In recent times, the increase in population has led to the generation of
more wastes such as the rice husk, thereby necessitating the need for
proper management of these wastes. It is however worthy of note that
there is yet to be adequate awareness on the usefulness of these
aforementioned wastes in Nigeria, in other words, little or no
importance is attached to them. The practice of incinerating them to ash
and adopting them as admixtures in stabilized soils due to their
pozzolanic values has enhanced their economic value[23]. Also, for greater efficiency in management
of time and manpower, the need for developing models in predicting
California bearing ratio (CBR) an important parameter in road
construction has become imperative. This is expected to address the
problems of unnecessary delays at the laboratories and human errors,
which can negatively impact on the project.
Materials and Methods
Materials The materials used were: rice husk ash, soil samples,
ordinary Portland cement and water.
Rice Husk Ash (RHA): The rice husk ash was burnt in open
atmosphere and the black ashes obtained were heated in an air tight
furnace for 6 hours at 10000C to obtain a white
coloured ash.
Soil Sample: Soil Sample was collected along Oye-Ekiti –
Isan-Ekiti Road, Nigeria at a depth not less than 1.2m below the ground
level at 5 different points of about 3m apart using the disturbed
sampling technique. It was brought to the soil laboratory and marked
indicating the soil description, sampling depth and date of sampling.

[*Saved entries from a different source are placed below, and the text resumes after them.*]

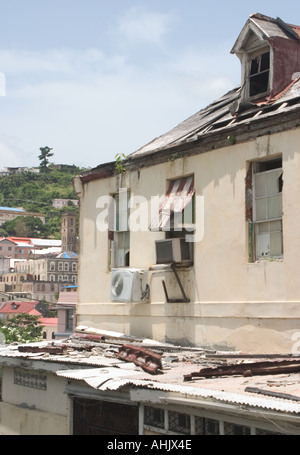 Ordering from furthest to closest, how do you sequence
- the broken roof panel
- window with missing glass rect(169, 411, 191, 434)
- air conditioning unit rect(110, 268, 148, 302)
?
air conditioning unit rect(110, 268, 148, 302) < the broken roof panel < window with missing glass rect(169, 411, 191, 434)

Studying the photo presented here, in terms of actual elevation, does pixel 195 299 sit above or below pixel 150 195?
below

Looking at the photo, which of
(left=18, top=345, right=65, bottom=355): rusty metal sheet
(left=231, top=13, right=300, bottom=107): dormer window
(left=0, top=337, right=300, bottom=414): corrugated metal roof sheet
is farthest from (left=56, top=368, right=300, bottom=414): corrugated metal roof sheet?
(left=231, top=13, right=300, bottom=107): dormer window

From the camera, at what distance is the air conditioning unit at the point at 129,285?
14.0m

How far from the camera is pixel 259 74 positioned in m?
13.4

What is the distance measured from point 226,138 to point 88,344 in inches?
215

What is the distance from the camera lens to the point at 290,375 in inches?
349

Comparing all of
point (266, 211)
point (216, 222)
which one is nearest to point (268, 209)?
point (266, 211)

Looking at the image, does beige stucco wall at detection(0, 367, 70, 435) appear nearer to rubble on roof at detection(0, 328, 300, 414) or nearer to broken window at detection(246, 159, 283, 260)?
rubble on roof at detection(0, 328, 300, 414)

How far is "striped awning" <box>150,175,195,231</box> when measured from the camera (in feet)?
43.8

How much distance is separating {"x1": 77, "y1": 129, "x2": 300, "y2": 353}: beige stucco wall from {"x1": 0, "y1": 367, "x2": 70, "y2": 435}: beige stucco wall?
2799mm

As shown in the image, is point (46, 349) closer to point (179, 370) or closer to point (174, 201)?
point (179, 370)

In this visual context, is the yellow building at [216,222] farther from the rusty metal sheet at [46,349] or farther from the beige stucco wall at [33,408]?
the beige stucco wall at [33,408] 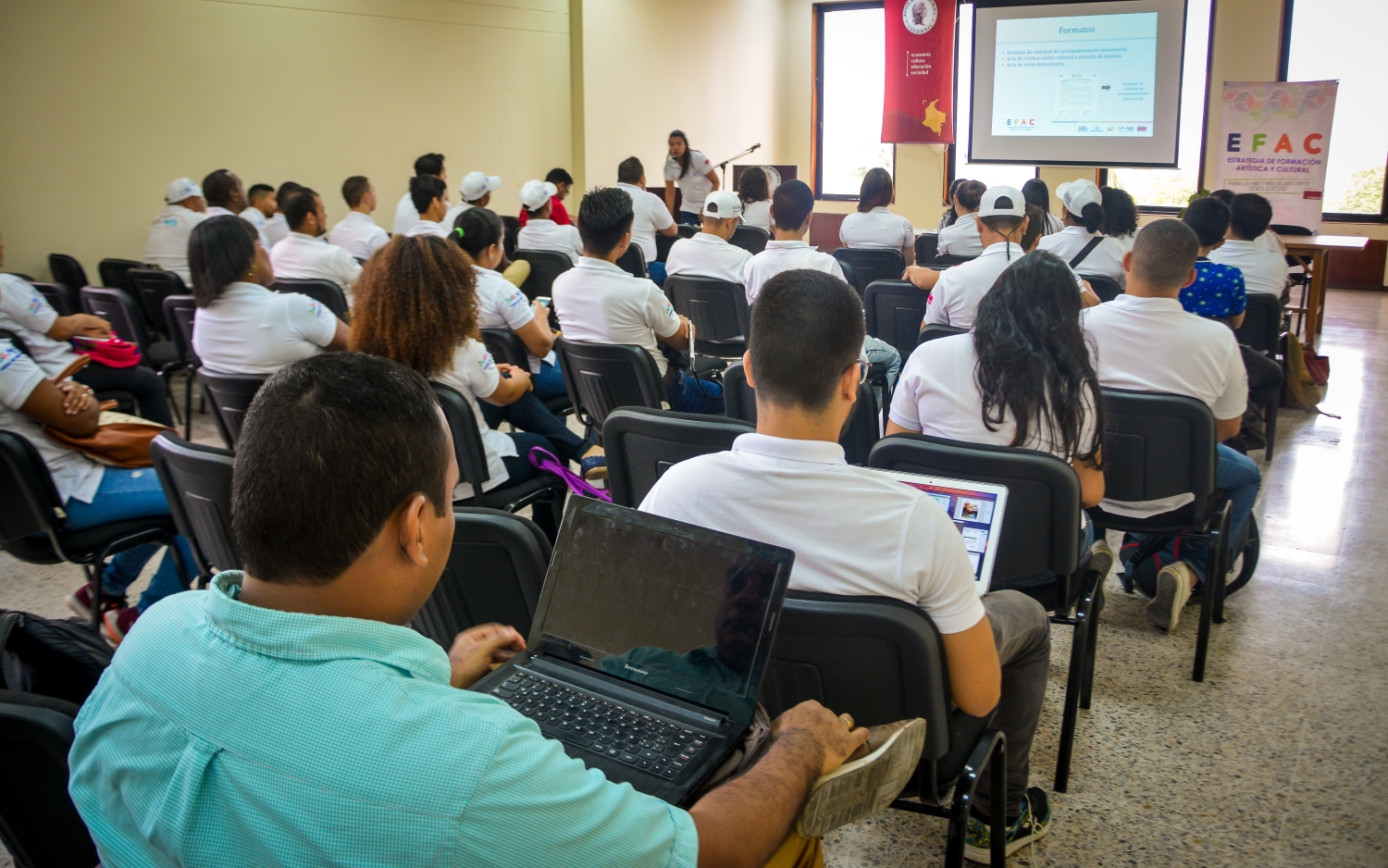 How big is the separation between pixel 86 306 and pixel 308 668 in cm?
510

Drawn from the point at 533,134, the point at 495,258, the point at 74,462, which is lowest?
the point at 74,462

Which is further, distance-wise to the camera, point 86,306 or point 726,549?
point 86,306

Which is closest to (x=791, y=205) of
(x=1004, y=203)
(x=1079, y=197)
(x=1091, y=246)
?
(x=1004, y=203)

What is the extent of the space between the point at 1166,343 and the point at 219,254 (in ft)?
9.36

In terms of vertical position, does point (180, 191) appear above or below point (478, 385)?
above

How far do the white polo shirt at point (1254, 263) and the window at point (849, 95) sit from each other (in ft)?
25.0

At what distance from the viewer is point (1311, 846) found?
1.98 m

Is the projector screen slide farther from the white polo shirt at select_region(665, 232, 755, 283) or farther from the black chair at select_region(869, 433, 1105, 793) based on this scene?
the black chair at select_region(869, 433, 1105, 793)

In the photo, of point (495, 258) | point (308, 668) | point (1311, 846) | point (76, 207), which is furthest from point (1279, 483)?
point (76, 207)

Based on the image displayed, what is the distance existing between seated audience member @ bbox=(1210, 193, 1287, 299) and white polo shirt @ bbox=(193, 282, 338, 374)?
4410mm

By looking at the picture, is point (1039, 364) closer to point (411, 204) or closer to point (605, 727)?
point (605, 727)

The soil sample was air-dried for two weeks to allow for partial
elimination of natural water content which may affect the analysis, then
sieved with sieve no 4 (4.75mm opening) to obtain the final soil sample
for the tests. After the drying period of two weeks, lumps in the sample
were pulverized under minimal pressure.
Ordinary Portland Cement: This was obtained from a cement
store.
Water: The water used was obtained from the running taps in the
laboratory, the source was borehole. Distilled water was not used so as
to obtain results that would reflect in-situ conditions.